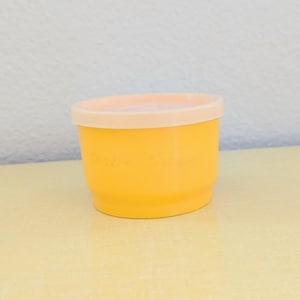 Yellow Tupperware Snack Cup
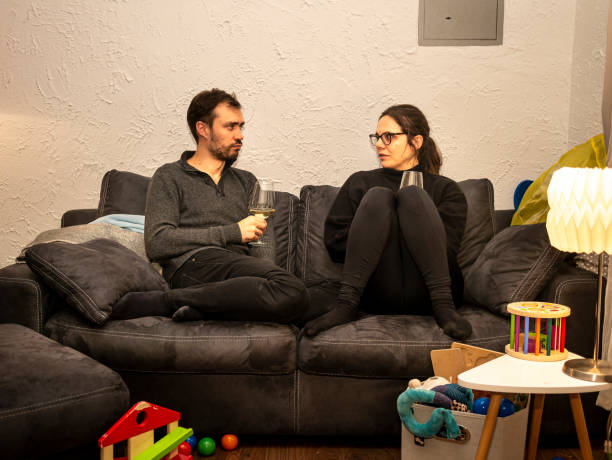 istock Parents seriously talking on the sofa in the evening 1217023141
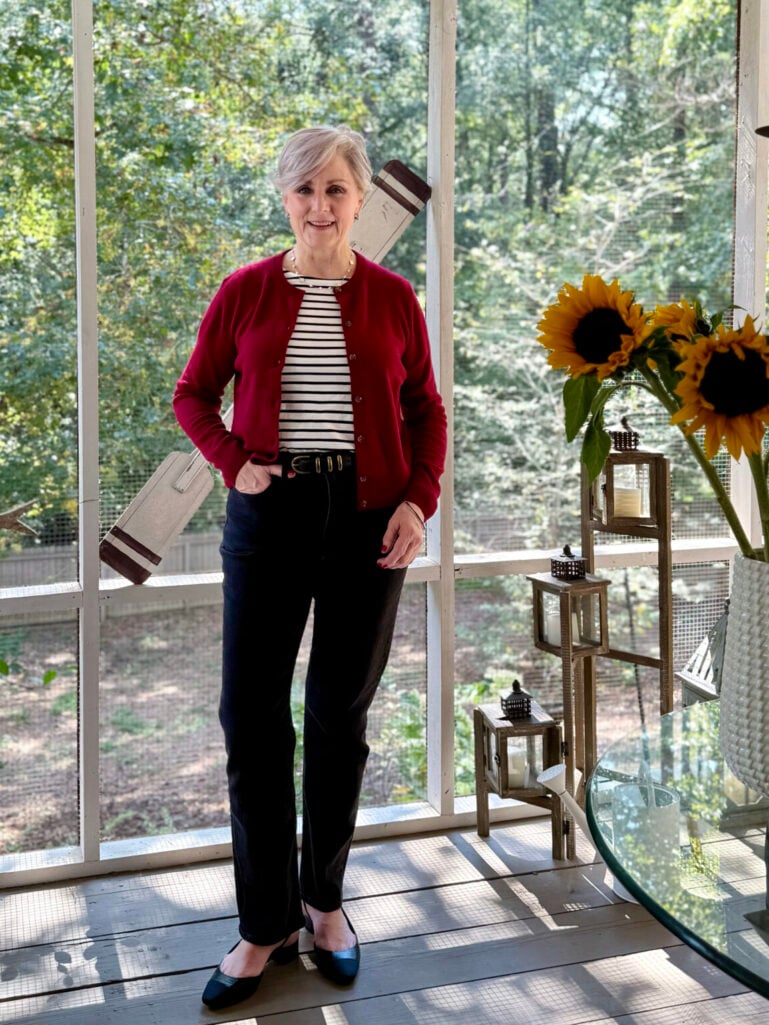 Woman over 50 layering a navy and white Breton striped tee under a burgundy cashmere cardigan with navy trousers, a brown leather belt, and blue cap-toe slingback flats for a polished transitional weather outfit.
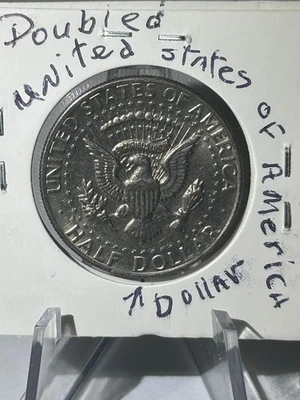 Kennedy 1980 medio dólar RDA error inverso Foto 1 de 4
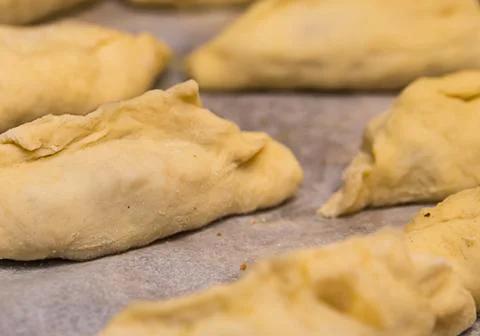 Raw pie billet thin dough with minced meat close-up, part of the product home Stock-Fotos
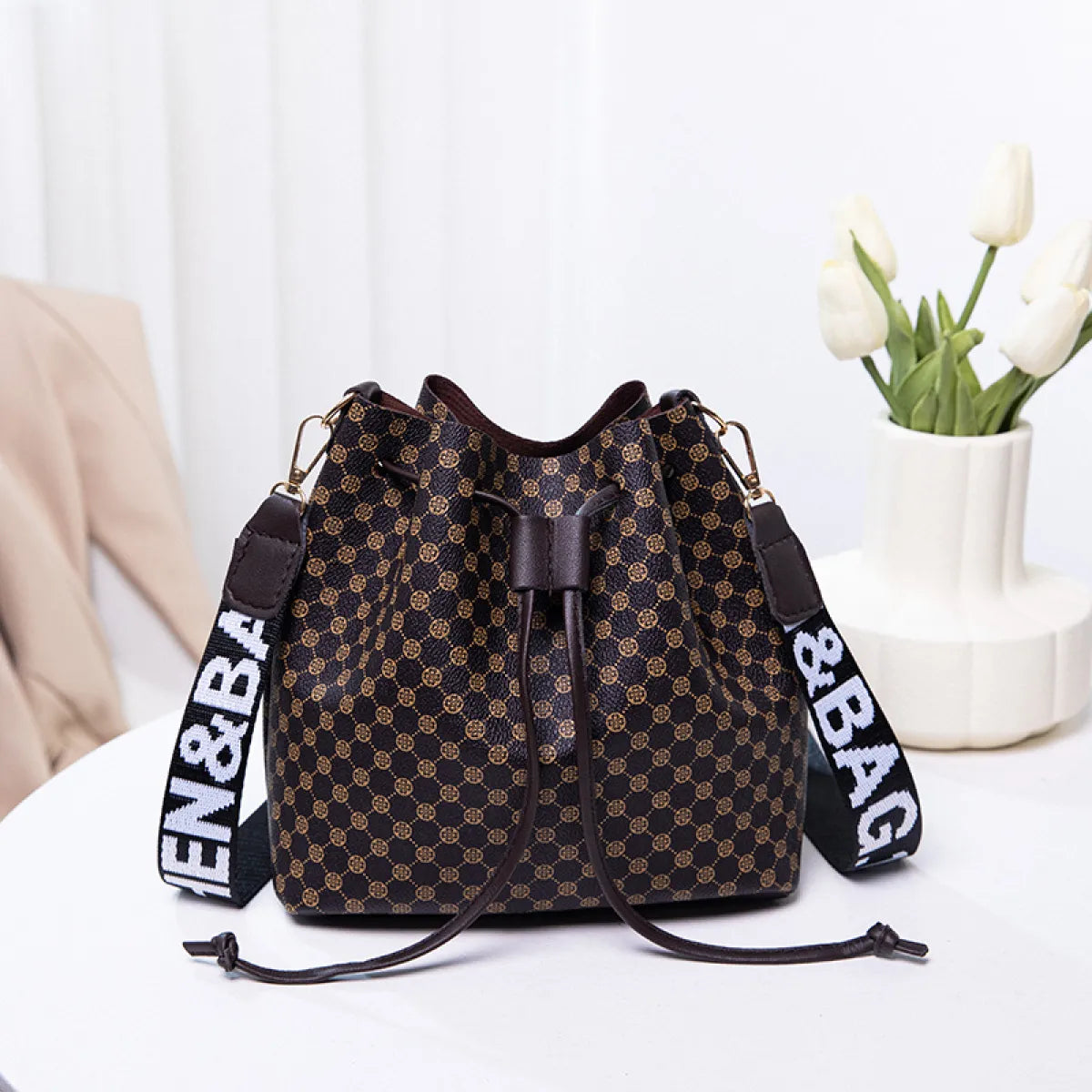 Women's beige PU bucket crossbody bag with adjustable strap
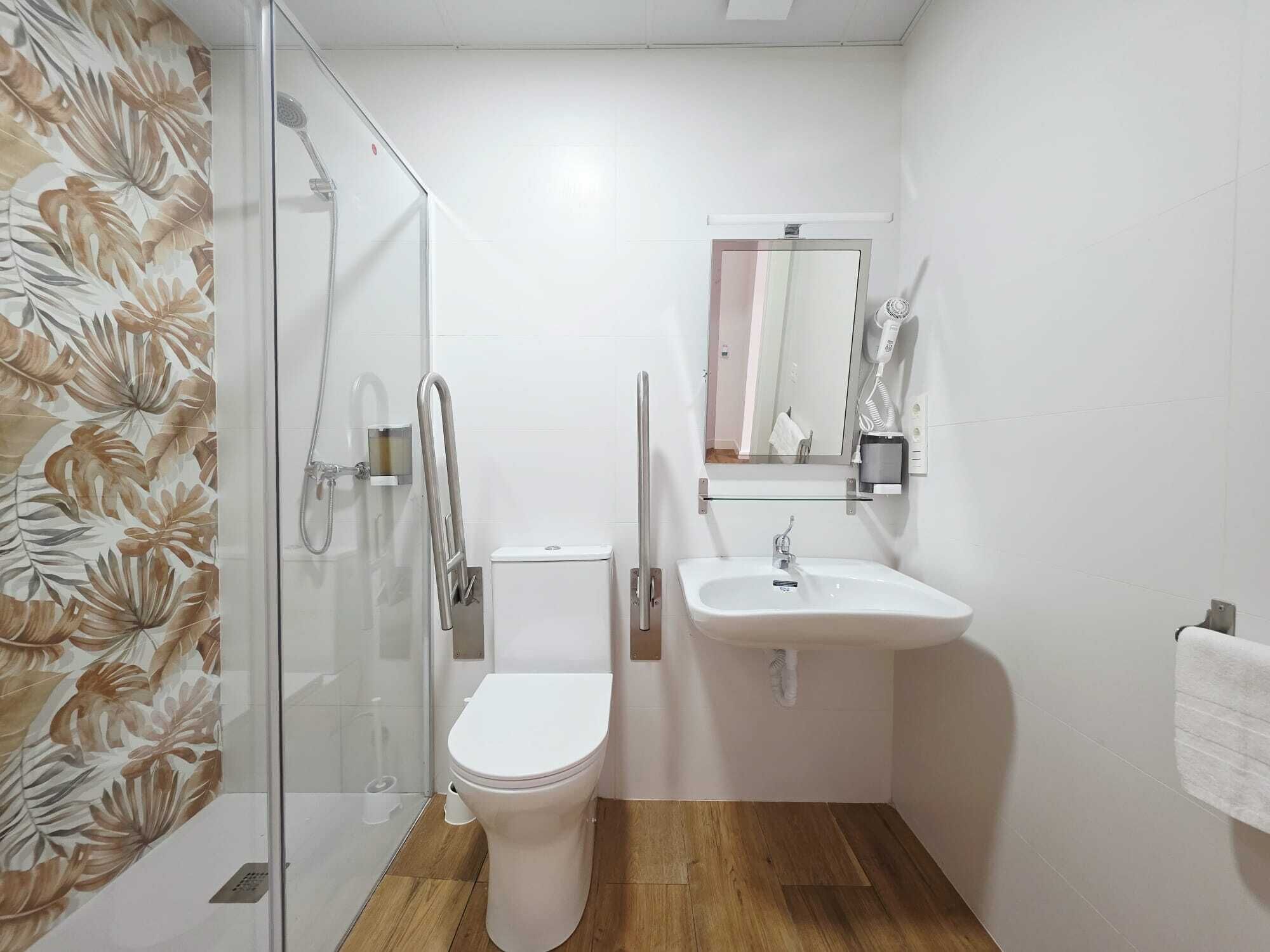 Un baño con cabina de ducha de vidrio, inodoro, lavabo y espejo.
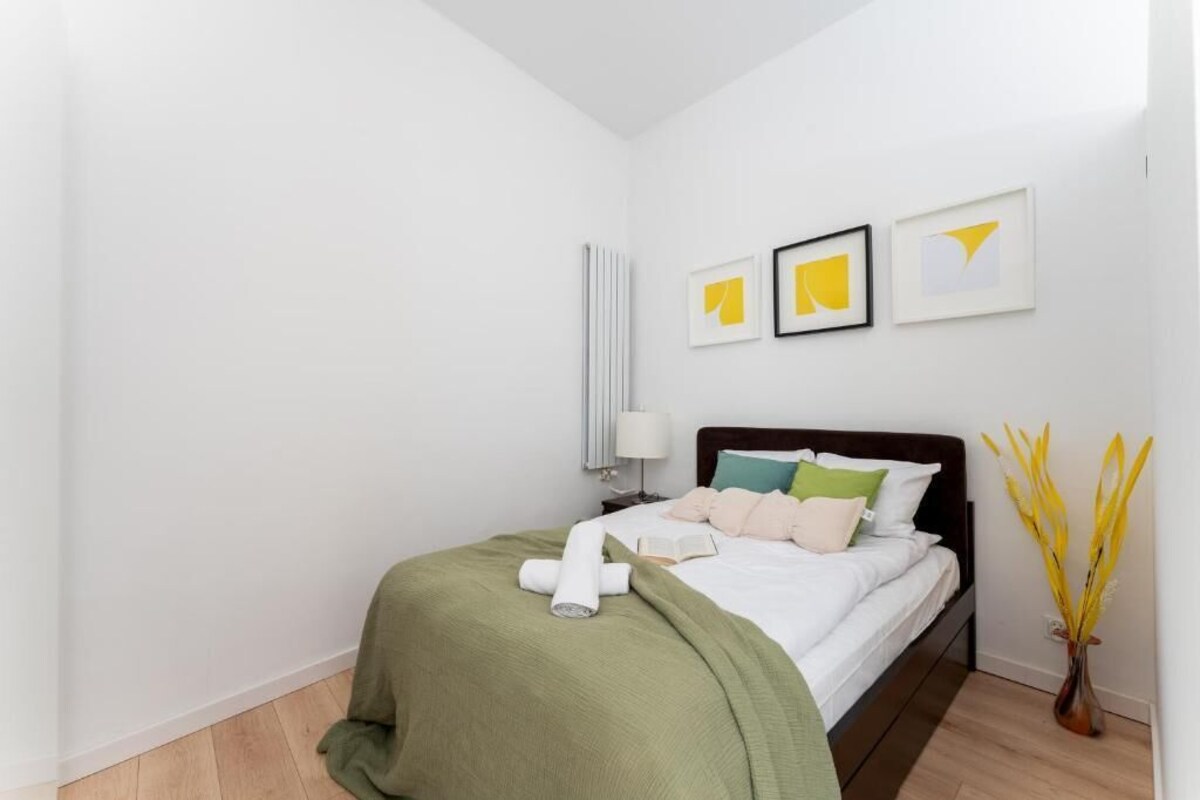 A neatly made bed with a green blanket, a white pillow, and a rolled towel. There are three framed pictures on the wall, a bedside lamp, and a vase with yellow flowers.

++++

◆ YOUR ASSIGNMENT
Leave out the pictures, and retype exactly the lines from the one containing "Un baño con" through the final line of the data.

◆ ANSWER BELOW
 Un baño con cabina de ducha de vidrio, inodoro, lavabo y espejo.
 A neatly made bed with a green blanket, a white pillow, and a rolled towel. There are three framed pictures on the wall, a bedside lamp, and a vase with yellow flowers.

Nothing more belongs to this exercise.